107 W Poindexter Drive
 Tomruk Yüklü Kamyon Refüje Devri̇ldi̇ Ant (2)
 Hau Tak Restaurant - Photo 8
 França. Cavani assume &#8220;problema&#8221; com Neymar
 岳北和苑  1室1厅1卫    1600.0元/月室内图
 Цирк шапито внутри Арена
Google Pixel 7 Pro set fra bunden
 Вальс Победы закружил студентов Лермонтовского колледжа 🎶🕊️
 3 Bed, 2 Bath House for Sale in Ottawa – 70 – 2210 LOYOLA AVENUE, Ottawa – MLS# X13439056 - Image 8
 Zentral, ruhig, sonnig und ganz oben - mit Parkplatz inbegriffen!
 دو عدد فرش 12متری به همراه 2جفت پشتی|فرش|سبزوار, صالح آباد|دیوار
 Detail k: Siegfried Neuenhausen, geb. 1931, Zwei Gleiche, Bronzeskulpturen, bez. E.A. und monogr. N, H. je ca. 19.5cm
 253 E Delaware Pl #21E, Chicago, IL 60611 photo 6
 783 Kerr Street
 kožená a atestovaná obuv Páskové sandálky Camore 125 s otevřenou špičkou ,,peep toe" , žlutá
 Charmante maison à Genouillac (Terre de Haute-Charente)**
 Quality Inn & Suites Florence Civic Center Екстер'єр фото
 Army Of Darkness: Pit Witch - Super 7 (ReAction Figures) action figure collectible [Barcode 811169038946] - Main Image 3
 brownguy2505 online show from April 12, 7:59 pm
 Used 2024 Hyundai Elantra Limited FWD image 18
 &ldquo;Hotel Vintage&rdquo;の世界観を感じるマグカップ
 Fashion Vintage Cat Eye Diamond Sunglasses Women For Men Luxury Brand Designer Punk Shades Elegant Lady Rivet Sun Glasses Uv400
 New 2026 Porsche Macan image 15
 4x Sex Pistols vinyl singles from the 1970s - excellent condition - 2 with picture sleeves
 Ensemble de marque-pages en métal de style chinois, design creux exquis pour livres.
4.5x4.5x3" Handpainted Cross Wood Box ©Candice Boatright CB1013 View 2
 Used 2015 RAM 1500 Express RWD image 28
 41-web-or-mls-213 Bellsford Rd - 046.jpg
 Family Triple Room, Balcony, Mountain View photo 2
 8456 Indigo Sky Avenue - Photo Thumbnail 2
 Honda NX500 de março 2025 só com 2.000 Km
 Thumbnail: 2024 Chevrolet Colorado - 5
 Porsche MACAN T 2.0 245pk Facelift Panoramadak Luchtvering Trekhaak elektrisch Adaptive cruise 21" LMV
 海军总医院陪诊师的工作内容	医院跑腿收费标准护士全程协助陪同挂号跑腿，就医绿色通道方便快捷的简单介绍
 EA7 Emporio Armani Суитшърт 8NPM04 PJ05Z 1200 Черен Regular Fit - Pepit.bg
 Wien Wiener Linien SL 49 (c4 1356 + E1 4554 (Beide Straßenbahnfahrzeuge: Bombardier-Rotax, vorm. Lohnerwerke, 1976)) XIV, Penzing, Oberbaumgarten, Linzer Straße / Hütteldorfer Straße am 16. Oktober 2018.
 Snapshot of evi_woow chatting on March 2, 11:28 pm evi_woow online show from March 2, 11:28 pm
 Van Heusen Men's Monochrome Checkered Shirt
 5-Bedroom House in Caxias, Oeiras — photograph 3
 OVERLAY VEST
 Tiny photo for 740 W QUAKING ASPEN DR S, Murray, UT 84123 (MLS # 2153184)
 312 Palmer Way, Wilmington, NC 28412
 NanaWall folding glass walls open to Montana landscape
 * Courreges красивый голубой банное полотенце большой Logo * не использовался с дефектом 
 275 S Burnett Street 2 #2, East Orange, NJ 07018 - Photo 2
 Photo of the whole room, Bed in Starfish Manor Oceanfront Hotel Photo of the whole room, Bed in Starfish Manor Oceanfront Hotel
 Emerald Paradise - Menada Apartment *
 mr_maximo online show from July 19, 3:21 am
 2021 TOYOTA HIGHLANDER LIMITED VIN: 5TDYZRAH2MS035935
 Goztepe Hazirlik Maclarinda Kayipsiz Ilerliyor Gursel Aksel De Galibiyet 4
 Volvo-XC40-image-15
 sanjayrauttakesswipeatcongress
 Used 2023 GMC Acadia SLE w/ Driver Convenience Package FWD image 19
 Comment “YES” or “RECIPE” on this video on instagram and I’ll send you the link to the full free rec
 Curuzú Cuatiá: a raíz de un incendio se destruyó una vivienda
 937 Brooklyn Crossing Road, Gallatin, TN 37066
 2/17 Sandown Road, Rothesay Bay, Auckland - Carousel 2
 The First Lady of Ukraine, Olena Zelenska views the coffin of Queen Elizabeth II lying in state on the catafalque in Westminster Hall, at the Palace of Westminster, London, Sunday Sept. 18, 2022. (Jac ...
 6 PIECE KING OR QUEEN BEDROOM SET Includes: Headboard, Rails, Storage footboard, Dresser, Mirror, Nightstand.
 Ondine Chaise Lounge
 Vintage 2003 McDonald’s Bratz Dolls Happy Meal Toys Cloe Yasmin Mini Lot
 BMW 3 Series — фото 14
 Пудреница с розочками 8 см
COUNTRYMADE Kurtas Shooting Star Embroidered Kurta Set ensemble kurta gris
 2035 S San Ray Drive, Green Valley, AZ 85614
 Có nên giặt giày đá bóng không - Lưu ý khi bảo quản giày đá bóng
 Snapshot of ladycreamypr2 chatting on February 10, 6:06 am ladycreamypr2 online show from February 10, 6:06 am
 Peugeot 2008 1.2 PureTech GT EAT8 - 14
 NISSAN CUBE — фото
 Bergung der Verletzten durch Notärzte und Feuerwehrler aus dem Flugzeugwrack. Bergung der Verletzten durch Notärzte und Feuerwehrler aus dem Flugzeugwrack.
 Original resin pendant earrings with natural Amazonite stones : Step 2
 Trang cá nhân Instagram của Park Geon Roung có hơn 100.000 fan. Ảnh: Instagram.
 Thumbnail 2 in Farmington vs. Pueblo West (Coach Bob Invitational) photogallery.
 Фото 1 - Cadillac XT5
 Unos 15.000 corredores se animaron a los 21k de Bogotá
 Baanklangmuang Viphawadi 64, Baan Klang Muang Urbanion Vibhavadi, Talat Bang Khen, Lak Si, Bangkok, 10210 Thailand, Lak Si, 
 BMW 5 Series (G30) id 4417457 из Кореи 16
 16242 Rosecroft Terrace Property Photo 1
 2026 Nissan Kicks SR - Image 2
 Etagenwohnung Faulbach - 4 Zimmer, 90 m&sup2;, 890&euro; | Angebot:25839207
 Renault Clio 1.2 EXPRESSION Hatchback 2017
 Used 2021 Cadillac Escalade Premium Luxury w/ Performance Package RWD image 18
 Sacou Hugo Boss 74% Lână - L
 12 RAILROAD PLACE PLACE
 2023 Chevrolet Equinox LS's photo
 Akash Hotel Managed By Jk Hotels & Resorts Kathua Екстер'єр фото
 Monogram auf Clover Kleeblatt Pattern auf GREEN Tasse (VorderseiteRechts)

- - -

• _Assignment_:
Starting with the first line of the listing above, copy each line exactly until you have copied the line containing "Вальс Победы закружил". Stop there.

• _Result for this task_:
107 W Poindexter Drive
 Tomruk Yüklü Kamyon Refüje Devri̇ldi̇ Ant (2)
 Hau Tak Restaurant - Photo 8
 França. Cavani assume &#8220;problema&#8221; com Neymar
 岳北和苑  1室1厅1卫    1600.0元/月室内图
 Цирк шапито внутри Арена
Google Pixel 7 Pro set fra bunden
 Вальс Победы закружил студентов Лермонтовского колледжа 🎶🕊️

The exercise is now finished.